В статье рассматривается точка зрения Гоголя и братьев Аксаковых на «славянский вопрос» в рамках его изучения в 1830-1870 годах. Характер гоголевской трактовки славянской темы обусловлен как интересом к ней в русской литературе и общественной жизни, так и различными жанрами в творчестве Гоголя: тема широко отражена в его записках, очерках, рассказах, в «избранных отрывках из переписки с друзьями». Тем временем Гоголь прослеживал клубок исторических, этических и религиозных проблем, которые проявятся в последующие десятилетия. В статье также рассматриваются новые смысловые аспекты темы, поднятые в журналистской практике Константина и Ивана Аксаковых. К. С. Аксаков занимался «славянским вопросом» с учетом драматических коллизий Крымской войны 1853-1855 гг., а позднее И. С. Аксаков изложил русское понимание «славянского вопроса» в свете событий русско-турецкой войны 1876-1878 гг. в периодической печати и в своих выступлениях на заседаниях Московского Славянского благотворительного комитета.
В статье рассматривается связь иррациональных мотивов гоголевской поэтики с фольклорно-мифологическими архетипами славянской народной обрядовой культуры.
Стихотворная молитва Николая Гоголя к Пресвятой Богородице была самым популярным и востребованным из всех его произведений среди русского народа. Как «гениальный выразитель сознания русского народа» (Михаил Бахтин), Гоголь не только пришел из народной культуры, впитав в себя и русский, и славянский фольклор, но стал неотъемлемой частью этой культуры и был ею принят. Так раскрывалась его гениальность и органическая, неразрывная связь с народом. Это явление уникально в мировой литературе.

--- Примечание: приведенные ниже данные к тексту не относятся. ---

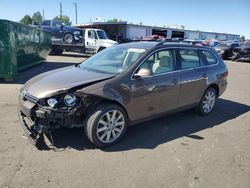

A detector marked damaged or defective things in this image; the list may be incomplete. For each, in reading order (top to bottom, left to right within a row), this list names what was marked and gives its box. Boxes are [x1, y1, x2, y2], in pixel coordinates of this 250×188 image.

dented hood [23, 65, 113, 98]
damaged front end [17, 88, 86, 147]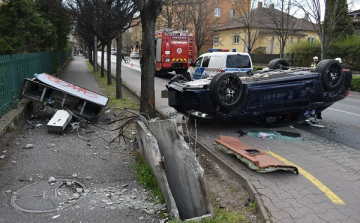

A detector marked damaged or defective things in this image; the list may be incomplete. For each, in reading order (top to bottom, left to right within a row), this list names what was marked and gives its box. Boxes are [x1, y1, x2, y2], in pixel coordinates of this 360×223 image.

overturned dark car [165, 58, 352, 125]
broken concrete fence [136, 119, 212, 220]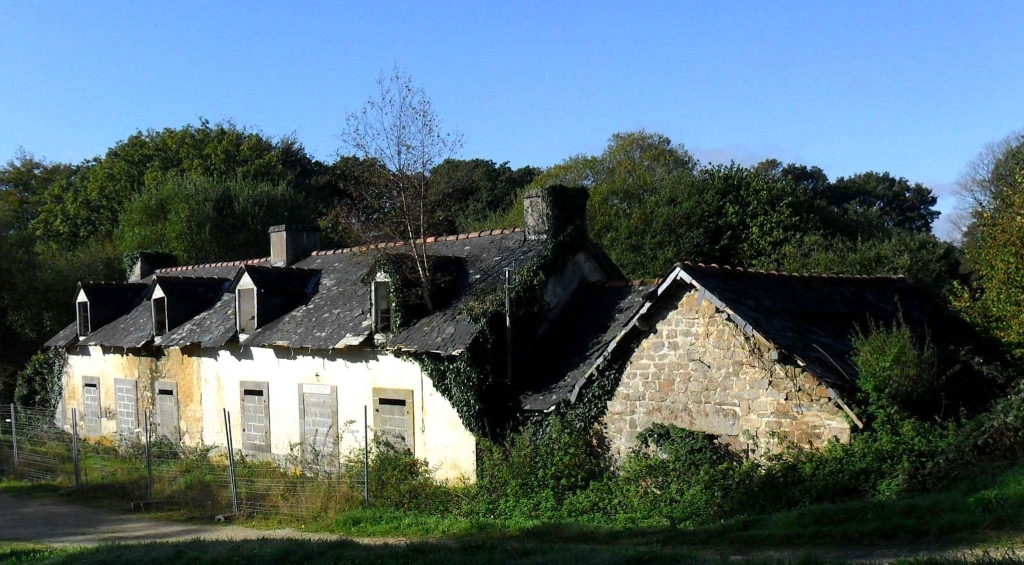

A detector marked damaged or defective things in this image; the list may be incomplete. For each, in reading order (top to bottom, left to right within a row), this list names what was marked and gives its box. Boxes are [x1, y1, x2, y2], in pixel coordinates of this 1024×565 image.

broken roof slate [520, 282, 647, 411]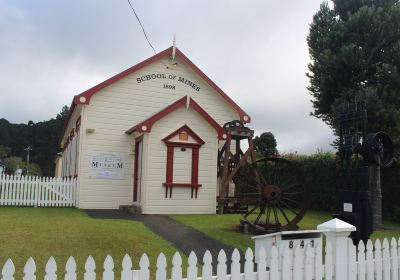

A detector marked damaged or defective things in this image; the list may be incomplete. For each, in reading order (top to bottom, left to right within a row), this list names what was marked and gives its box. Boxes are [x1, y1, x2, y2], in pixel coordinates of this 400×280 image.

large rusty wheel [239, 156, 310, 233]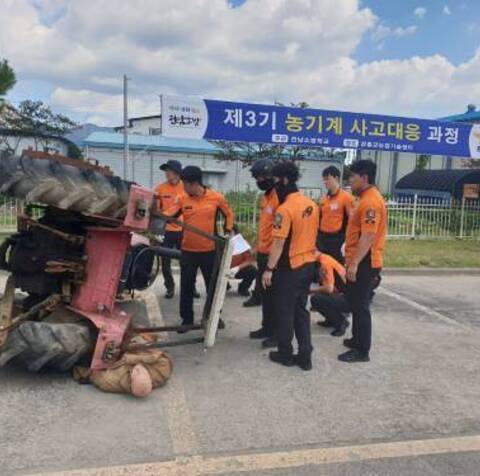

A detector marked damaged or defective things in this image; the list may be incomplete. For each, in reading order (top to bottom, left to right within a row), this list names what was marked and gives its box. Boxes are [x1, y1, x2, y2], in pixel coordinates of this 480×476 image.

rusty tractor wheel [0, 320, 94, 372]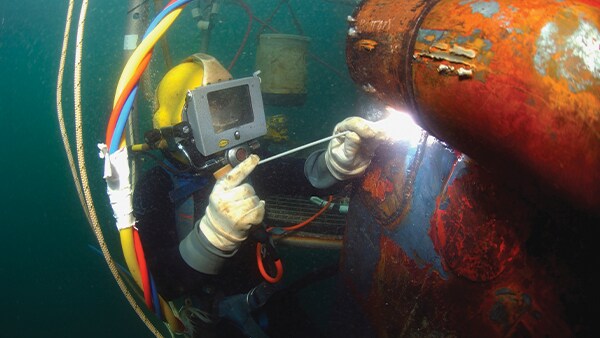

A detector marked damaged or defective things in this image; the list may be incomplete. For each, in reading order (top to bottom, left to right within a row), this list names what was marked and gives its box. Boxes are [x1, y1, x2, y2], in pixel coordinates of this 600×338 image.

corroded metal surface [346, 0, 600, 213]
rusty pipe [346, 0, 600, 214]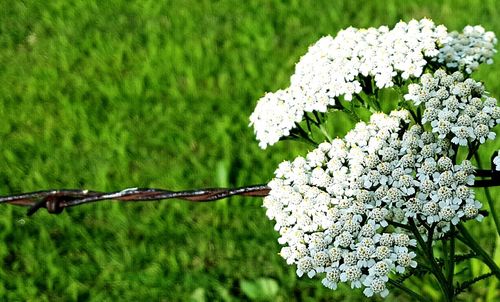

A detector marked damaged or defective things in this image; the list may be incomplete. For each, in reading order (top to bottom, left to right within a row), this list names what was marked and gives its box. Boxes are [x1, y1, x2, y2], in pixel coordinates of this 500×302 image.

rusty barbed wire [0, 184, 270, 215]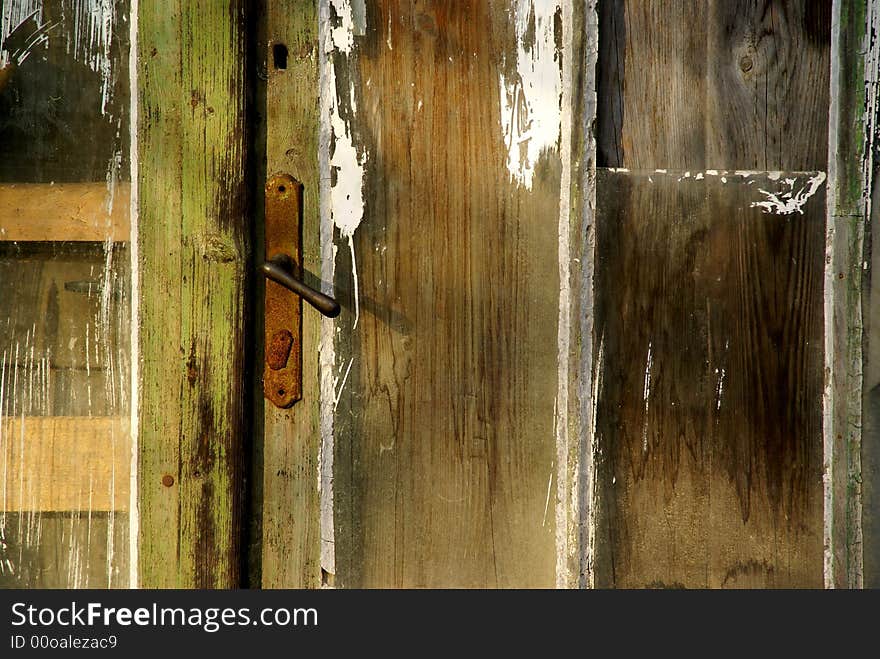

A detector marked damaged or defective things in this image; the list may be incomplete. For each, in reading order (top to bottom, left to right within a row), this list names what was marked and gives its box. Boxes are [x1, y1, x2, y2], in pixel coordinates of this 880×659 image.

peeling white paint [498, 0, 560, 191]
rusted metal door plate [262, 173, 300, 408]
rusty door handle [258, 255, 340, 320]
peeling white paint [748, 173, 824, 217]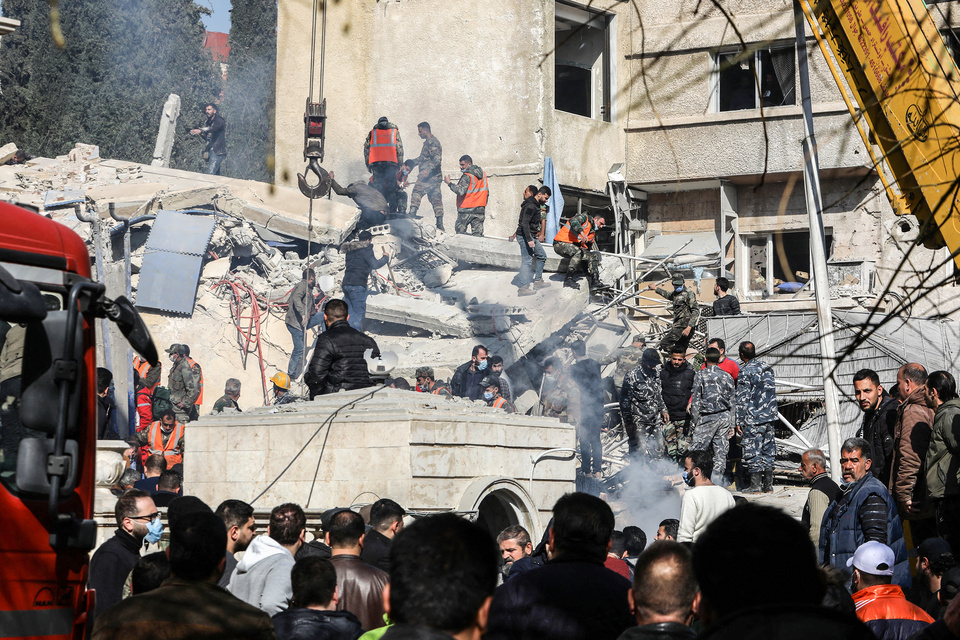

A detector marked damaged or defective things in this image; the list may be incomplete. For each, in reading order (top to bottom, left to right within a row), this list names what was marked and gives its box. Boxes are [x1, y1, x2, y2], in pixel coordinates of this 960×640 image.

broken concrete slab [0, 143, 17, 165]
broken concrete slab [436, 234, 564, 272]
broken concrete slab [366, 292, 474, 338]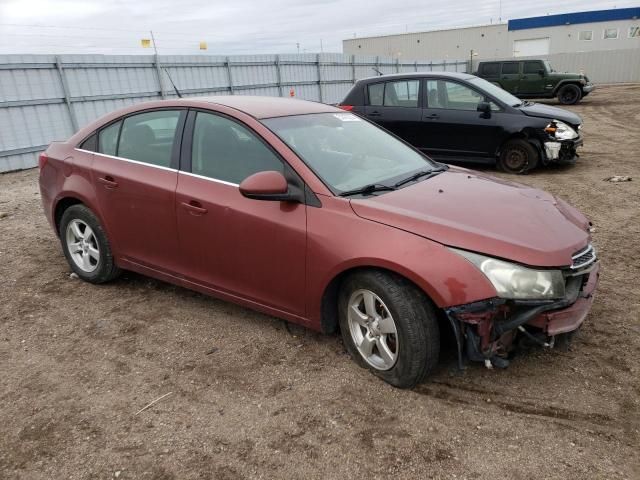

Поджоли читает "Старосветских помещиков" Гоголя как пародию на миф об Овидии, подчеркивая симметричные различия – иногда фактические развороты – между двумя произведениями. Итальянский ученый приходит к выводу, что оригинальность Гоголя заключается в его загрязнении пастырского канона чуждыми элементами, которые порой даже противопоставляются пастырским условностям. Таким образом, Гоголь разрушает как идиллические, так и мифические составляющие, характеризующие сущность овидиевой басни, создавая эффекты отчуждения и несообразности, дезориентирующие читателя.
В статье представлен сравнительный обзор влияния Николая Гоголя и Михаила Салтыкова-Щедрина на их народы. Озабоченность писателей судьбой России анализируется на основе романа Гоголя "Мертвые души" и серии заграничных зарисовок Салтыкова-Щедрина.
В статье кратко рассматривается проблема литературных источников образности Ивана Гончарова, в частности связи его последнего романа "пропасть" со вторым томом Николая Гоголя "Мертвые души и исповедь автора" (оба изданы посмертно в 1855 году). Литературный контекст помогает прояснить семантику образов Гончарова.
На основе сцены из 2-го тома 3-й главы "Мертвых душ" (вечер с семьей Костанжогло) в статье рассматривается стремление Гоголя выявить новые основы антропологической и художественной целостности, подорванной современностью. Показано, что сцена включает архетипические темы, связанные с образом Рая, и аллюзии на вторую часть Божественной комедии Данте.
В статье рассматриваются ключевые проблемы, стоящие перед ученым при публикации второй части "Мертвых душ". Автор рассматривает жанр книги в связи с утопией и антиутопией, а также ее стилистические особенности и соотносит ее вторую часть с "Божественной комедией" Данте.
В статье рассматривается роль Гоголя как раннего поклонника римского поэта Джузеппе Джоакино Белли (1791-1863). Неопубликованные при его жизни, колокольные стихи на диалекте Романеско циркулировали в рукописных экземплярах, вероятно, так их и узнал Гоголь. Возможно, он слышал и собственное декламирование поэта в салоне Зинаиды Волконской. Сонеты Белли цитируются в переводах автора статьи.